Celebriamo questa settimana, sabato 4 Ottobre, la festa di San Francesco d’Assisi. Trovandoci a Monte San Savino, provincia di Arezzo, abbiamo fin da piccoli subito l’influenza di questo santo nello stile di preghiera, nell’architettura dei luoghi soprattutto chiese, ma anche nella cucina essenzialmente povera.

Stando alle fonti antiche, la dieta di San Francesco prevedeva verdure semplici, povere come cavoli, cipolle e legumi oltre ad erbe selvatiche e cereali antichi quali orzo, farro. Oggi diventati prodotti da piatti salutari e super consigliati dai nutrizionisti moderni, e presenti in molti dei nostri menù invernali, un tempo erano cibi semplici di stagione spesso donati nella continua questua del poverello d’Assisi.

C’era però una cosa di cui era veramente goloso: i Mostaccioli, dolcetti di farina di mandorle, miele e mosto o uvetta e fichi secchi. Preparati amabilmente da Jacopa dé Settesoli, Francesco li richiese proprio prima di morire, in attesa della visita della nobildonna romana. Una curiosità: Jacopa, che preparò amabilmente il corredo funebre del poverello, è sepolta nella cripta della Basilica di San Francesco, di fronte alla tomba del Santo.
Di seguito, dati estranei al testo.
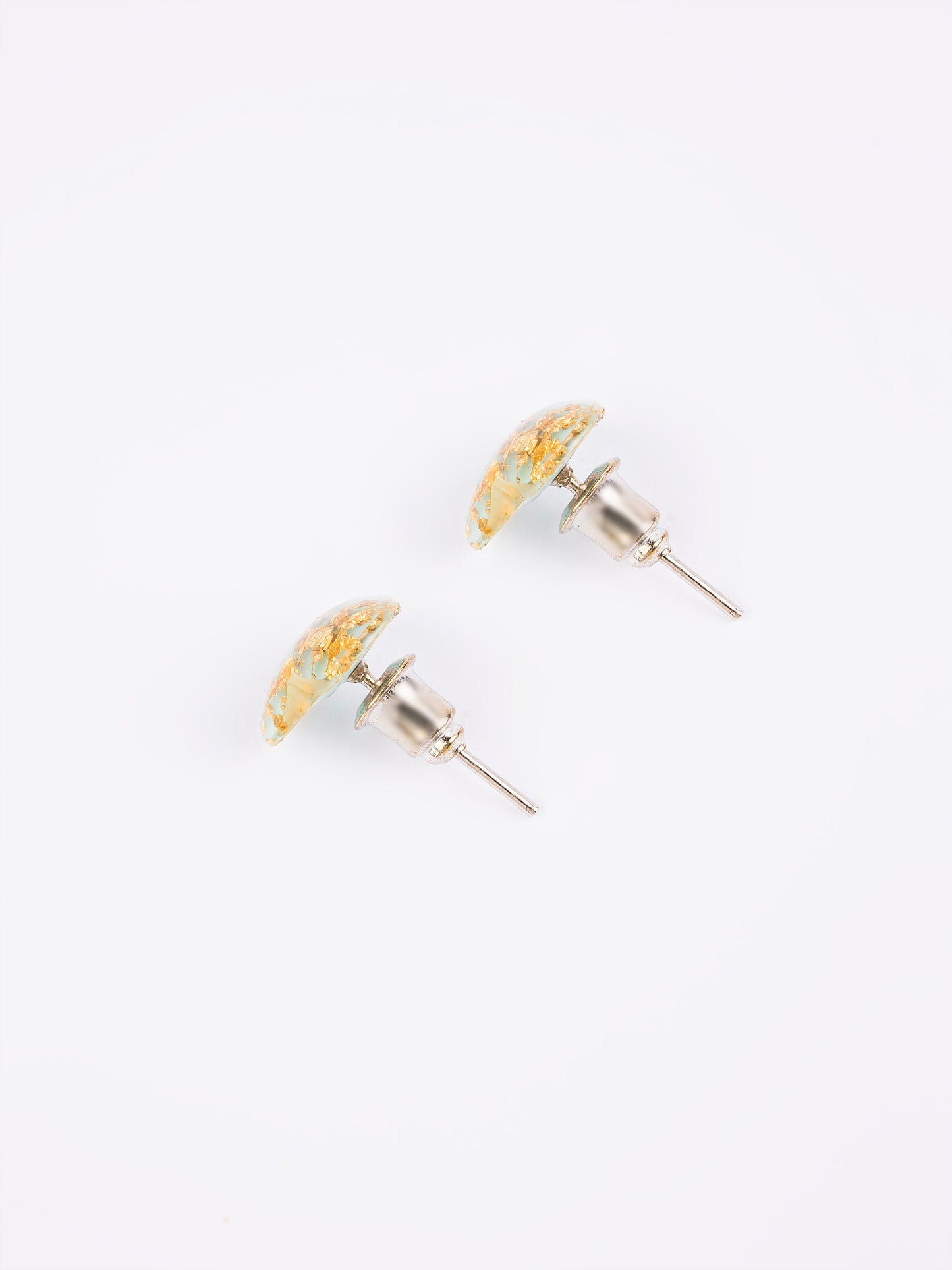 Glittered Heart Studs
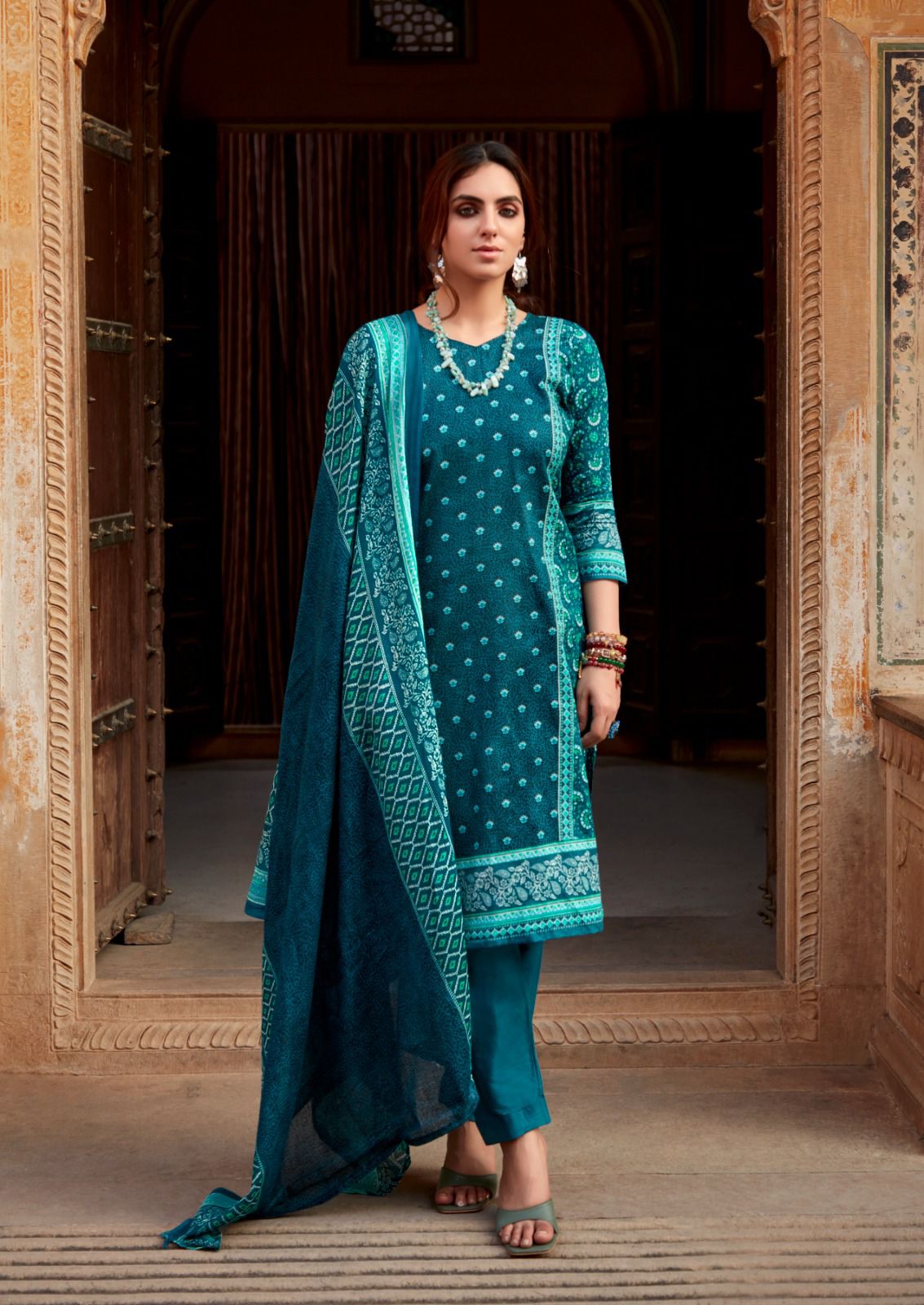Ishaal Prints Gulmohar Vol 28 Pure Lawn Cotton Printed Salwar Suits Wholesaler Surat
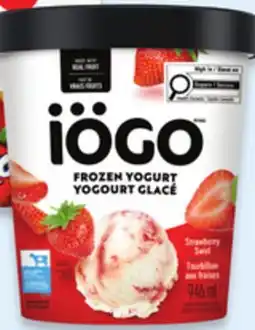 Walmart iögo frozen yogurt tubs offer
Chiariamo una cosa dal punto di vista storico: San Francesco, paladino della pace tra i popoli, ricordiamo la missione in Oriente presso il Saladino per placare le guerre di crociata, non era vegetariano né tantomeno vegano. Del cibo offerto non rifiutava nulla, cosa che insegnò anche i propri frati, “tutto era lecito di quanto offerto”: pesce Luccio, pasticcio di gamberi, formaggi, uova e occasionalmente carni bianche. In una delle fonti biografiche, quella di Tommaso da Celano (1247), si legge che San Francesco, capitando il Natale di venerdì, ordinò ai frati di mangiare carne in quel giorno «in cui è nato il bambino».

Dunque, amava il lupo, predicava agli uccelli, aveva un agnellino che lo seguiva sempre ma prediligeva la misericordia al sacrificio.